アメリカで”水晶の夜”が発生する

トランプ大統領の関税政策が発動されれば、米国内の物価は急上昇し、多くの米国内企業は倒産に追い込まれ、街には失業者が溢れるだろう。ただでさえインフレに苦しむ米国民に更なる困難が襲い、貧富の格差は一層拡大する事だろう。

トランプ大統領は、「移民がペットを食べている」とか、「20フィートの高さからボーリングの球をボンネットに落として凹めば検査に通らない」(この試験方法で凹まないのは米国製のエイブラムス戦車くらいだろう(笑))とか、根拠不明、出所不明の発言を繰り返しているが、今後米国内での貧富の格差が拡大した時に、このような不用意な発言をすれば、移民やマイノリティーに対して”水晶の夜(Kristallnacht)”が発生する事になるだろう。

トランプ暴落で儲けたのは誰だ?

トランプ大統領の関税政策の余波で世界の株価が暴落している。
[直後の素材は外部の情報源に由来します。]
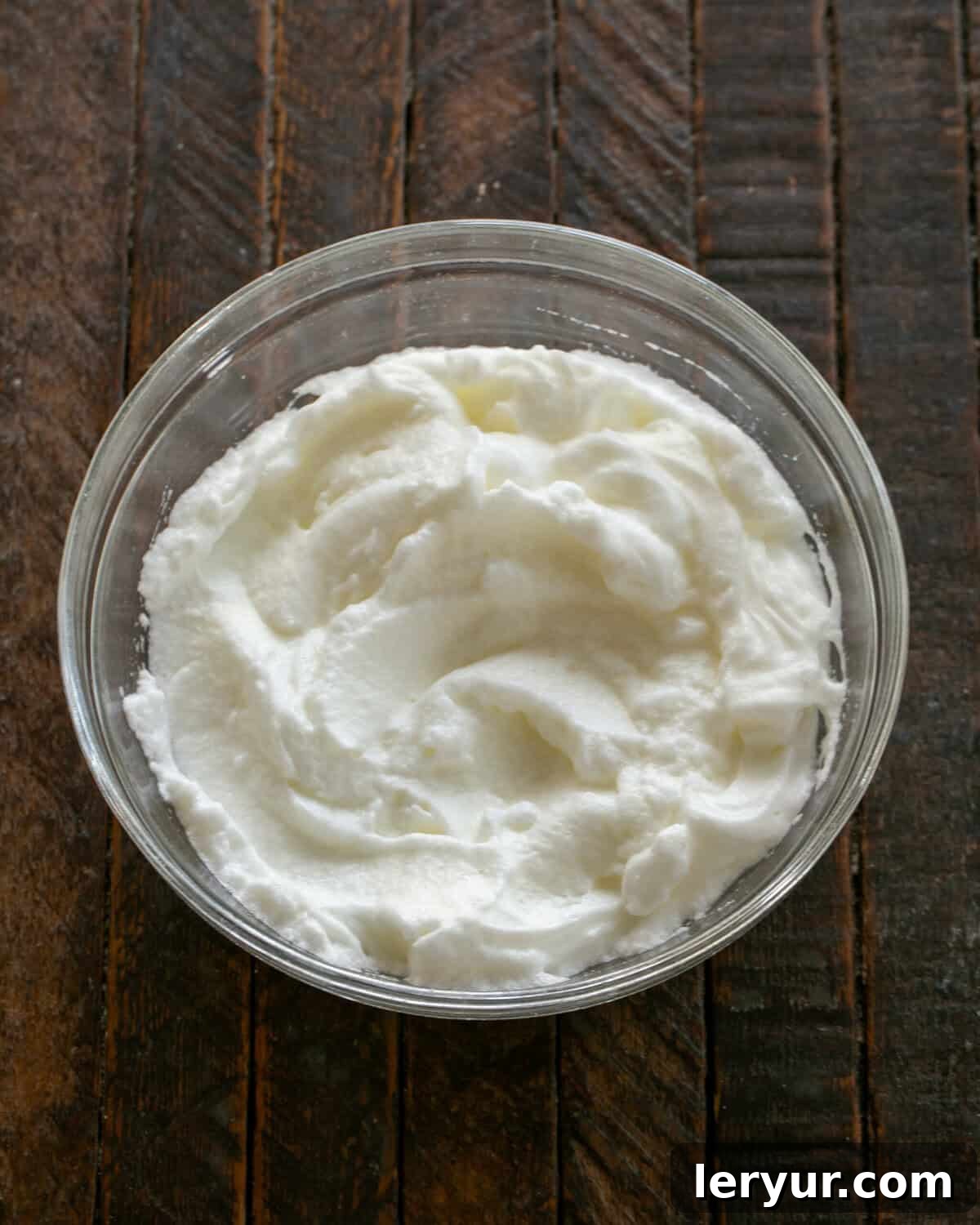 Julia Child's Legendary French Chocolate Mousse 3 Step-by-step image of beating egg whites until stiff peaks form.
株価の暴落は企業の資産価値の目減りであり企業としては大問題であり、私の年金運用も心配だが、株式市場はゼロサムであり、株を単に金儲けの手段として売り買いしている投資家にとっては、損をしている投資家もいれば得をしている投資家もいる。

ジョセフ・ケネディは米国第35代大統領ジョン・F・ケネディの実の父であるが、大暴落による世界恐慌時に上手く売り抜けて、巨万の富を手にしている。この豊富な資金が後に息子を大統領に押し上げる原資となった。
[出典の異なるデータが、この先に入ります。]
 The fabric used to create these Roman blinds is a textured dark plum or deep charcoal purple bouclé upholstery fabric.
お恐らくトランプの周辺にも今回の株価暴落で大儲けした人は居るはずだ。

トランプの壮大な実験

私は一応理工系の大学を卒業している。科学の分野においては先ず現実に起きている事象を良く観察し、何故そのような事象が発生するのか仮説を立て、その仮説で正しく事象を再現できるか実証実験を行い、種々の実験を通して仮説が正しい事が証明できれば、その仮説は定説となり理論となる。

経済の分野において、現実の経済動向を観察して仮説を立てることは可能であるが、余りにも規模が大きすぎて現実に実験することは出来ない。総ての経済理論は実は仮説で終わっている。これまでもマル経や近経など種々の経済論は提唱されて来たが、実際の経済活動を正しく証明している様には見えない。経済学を研究している人々の非難は承知で言うが、経済学は仮設の段階で終わっており、現実には証明されておらず、科学とは成っていない。

今回アメリカのトランプ大統領は「関税によりアメリカ経済を復興できる」との仮説を立て、その証明に向けて国家を挙げて壮大な実験を始めようとしている。その仮説が無残に破綻するか、正しいと証明できるか興味深い処である。